Computer networks may provide centralized resources to multiple clients, or tenants, over communication links. A tenant is any entity that uses the resources of a network. As used herein, tenant segregation refers to the isolation of each tenant that accesses the network, such that the networking policies of each tenant are met by the network provider. In this manner, each tenant is unaware of other tenants using the resources of the network. A networking policy may include the networking services used by the tenant as well as the amount of data the tenant will place on the network. Tenant segregation ensures each tenant accesses the information belonging to that tenant and not the information of other tenants that access the same network.
As used herein, a communication link, or link, is a physical or wireless connection between the various resources of the network, between resources of the network and tenants that use the network, or between multiple networks. Communication links within a network are typically shared on a best effort basis. In a best effort scheme, each packet of data, regardless of the tenant where the packet originated, has an equal probability of accessing the link. Network protocols such as TCP/IP use a best effort scheme and may attempt to implement data flow fairness, but tenants can negatively impact other tenant's network usage by having multiple data flows or not using the TCP/IP protocol. As a result, a tenant may use more than the tenant's designated share of data flow across the network.
The quality of service (QoS) for a tenant of a network can dictate aspects of resource sharing across the network, including the designated amount of data flow for each tenant across the network. The designated data flow for a tenant can define the fair share of data flow for the tenant. The QoS that each tenant expects from a network provider may be formally agreed upon in a service level agreement (SLA). The network provider is tasked with providing services to each tenant that meet the QoS agreed upon under the terms of the SLA. To meet the terms of the SLA for each tenant, the network provider may implement over-provisioning of network resources or other mechanisms to control data flows and access to resources within the network.
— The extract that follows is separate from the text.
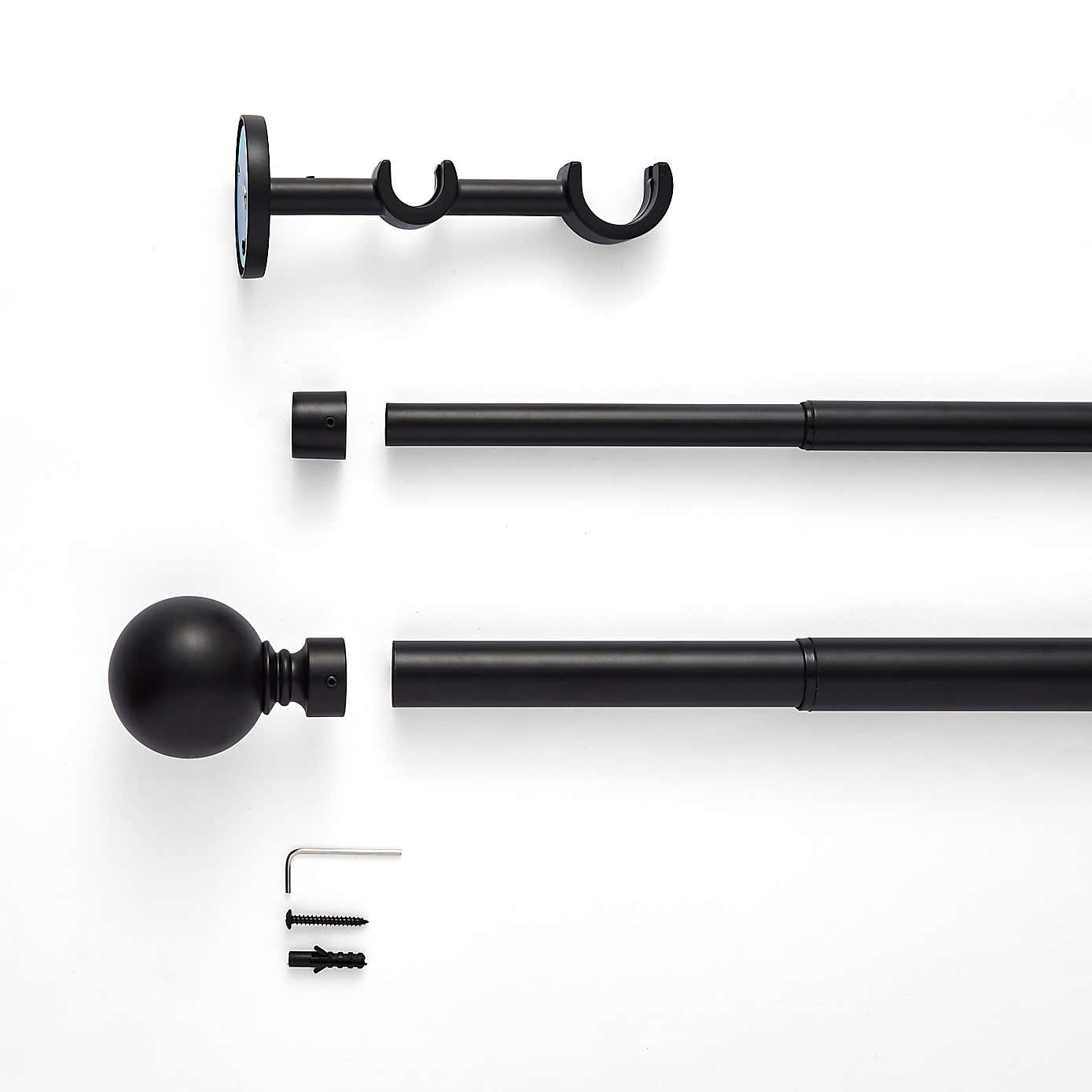 Ashton Double Layer Extendable Metal Curtain Pole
Certain examples are described in the following detailed description and in reference to the drawings, in which:
Traditional QoS tools, such as differentiated services (DiffServ), can be used to control how network resource sharing is done and can share network links according to the chosen QoS policies. However, traditional QoS frameworks may not fully implement tenant segregation. The goals of traditional QoS frameworks typically include prioritizing traffic and enforcing latency guarantees. However, these goals do not ensure tenant segregation, as a tenant may be aware of other tenants on the network as traffic across the network is prioritized and latency guarantees are enforced. Additionally, traditional QoS tools may operate under a principle of traffic classification, in which the data from each tenant is placed into a limited number of traffic classes as opposed to differentiating network traffic based on each tenant's flow of traffic. Each traffic class can be treated differently according to the specified QoS of that class. The traffic classes may be assigned different rate limits or be prioritized. As used herein, a rate limit refers to the maximum amount of traffic that can be sent using a network. The number of traffic classes may be limited in traditional QoS tools. Further, the limited number of classes may not support a large number of tenants, as the different QoS policies may outnumber the traffic classes within a network.
Examples described herein allocate network bandwidth. Specifically, some examples allocate network bandwidth using distributed rate limiting (DRL). As used herein, bandwidth describes a rate of data transfer, or throughput, of each communication link. Each tenant of a network is allocated a fair share bandwidth of the network based on the QoS expected by the tenant and a DRL assignment of the tenant. As used herein, a fair share refers to the designated quantity of network bandwidth a tenant may access in accordance with a specified QoS, as determined by the capacity of the network, or as specified in a SLA that is designed to exploit the bandwidth of the communication links. As a result of the fair allocation of bandwidth across the communication links of the network, data congestion across the links is reduced. In examples, each tenant has a global rate target. If a tenant has a high rate target relative to the capacity of one link and uses few other links of the network, the tenant may be allocated a large portion of the one link. If the tenant has a small rate target relative to the capacity of one link and uses many other links of the network, the tenant may be allocated a small portion of the one link, relative to the capacity of the link. In this manner, the probability that each tenant is close to its global rate target is maximized. Additionally, the tenants do not exceed their respective global rate target and are limited such that they do not consume all resources of the network. Furthermore, such an allocation of network bandwidth enables each tenant to access the network at the terms agreed upon in the SLA or some other QoS arrangement, effectively segregating the tenants by keeping each tenant within the tenant's specified rate target.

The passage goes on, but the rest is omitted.